Cojanu also knows that title fights don’t fall off trees, especially when you are ranked at #14 and aren’t exactly a household name.

“I got the offer…I didn’t entertain it,” Cojanu said of the negotiations for the fight. “When they presented the fight (to me) I (knew) was going to take the fight. Every fighter is waiting for this and I said yes from the beginning.”

It was a day that the young kid from Voinesti, Romania dreamed about ever since turning pro in 2011. But the celebration was short lived.

“I was surprise and I was happy. But now we got one week before the fight. We are looking forward to the fight. I am excited.”

For a fighter who came into this fight an unknown, there is one part of the world where this fight is very much the topic of conversation: Cojanu’s native country of Romania.

“The response (in Romania) is pretty well. I was impressed.” Cojanu added. “Almost every newspaper from Romania showed this fight.”

And unlike much of the boxing world, the Romanian press is not counting out their local contender.

“Like they said in the newspaper, next week I’m going to change the history of heavyweight boxing. Nobody every fought for the WBO title from Romania. Next week we make history. It’s the week we change history for Romania.”

The idea of Cojanu becoming Romania’s first heavyweight champion is enough to excite fans from Bucharest to Timișoara, but even the most diehard Romanian fan would have been forgiven if they assumed the former amateur standout would never get the opportunity. After over 300 amateur fights Cojanu would see his professional career sputter out of the gate as he lost a six round majority decision in his professional debut to a journeyman named Alvaro Morales. Although Morales had a huge edge in experience, his fight against the rookie Cojanu was his 20th professional fight; it was still a major setback for the Romanian.

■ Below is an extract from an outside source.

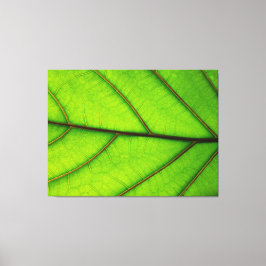 3 Panel-Canvas-Druck von Makro-Leaf Leinwanddruck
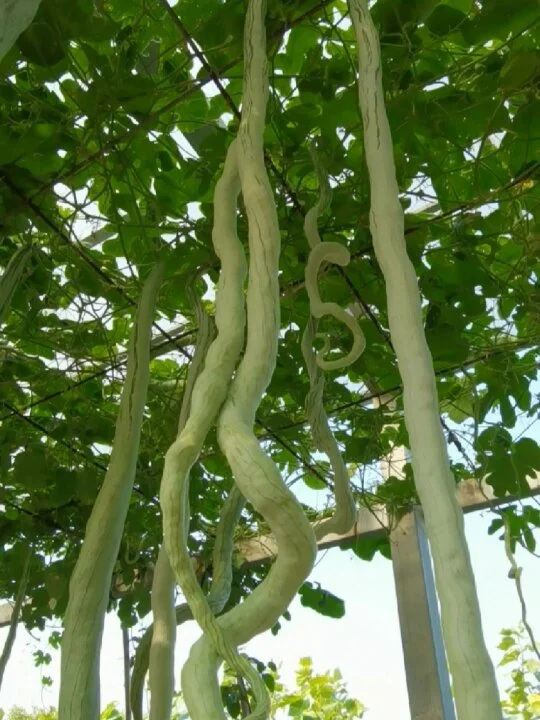 Endless harvest! 🥒 Snake Gourd Seeds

You know what was happening (in the) first fight, I had a bad team.” Cojanu said of his fight with Morales. “I just arrived in the United States and (my trainer) wasn’t training me so well. I got in the ring two weeks later with no training and just fight a guy with (twenty) fights (as a) professional. I call it a mistake. It was a mistake from my team. Now I changed my team, I don’t have my manager from that time. You know the show goes on. It’s the past.”

Even with the loss Cojanu remained confident that his day would come and he would get his chance at a world title.

“Yes,” Cojanu said when asked if he envisioned a world title fight after starting his career 0-1. “Why not? I consider myself a good fighter.”

Cojanu came back and slowly built his career up, although there have been some scary moments along the way. After winning his next thirteen fights Cojanu suffered a second loss to Donovan Dennis in April of 2015. An ugly split decision win over journeyman Grover Young followed and many would have been forgiven if they elected to close the book on Cojanu after that. But in late 2016 Cojanu seemed to finally put it all together in the ring after winning the vacant WBO China Zone Heavyweight title against Chinese prospect Zhi Yu Wu. Cojanu destroyed Wu in two rounds to win the title and subsequently broke into the world rankings. But Cojanu recognizes that Joseph Parker is no Zhi Yu Wu.

The last one…that one was piece of cake,” Cojanu said of his fight with Wu. “I knocked the guy out in the second round. I didn’t give him a chance.”

He showed a lot of improvement against Wu, and flashes of brilliance. But he will need to show a lot more against Parker, and it will have to be more than just flashes. But although Cojanu seems to have little chance against Parker, stranger things have happened in the squared circle. Maybe Razvan Cojanu will be little more than a footnote on our way to Joseph Parker-Anthony Joshua. But maybe not. After all, boxing is a funny sport.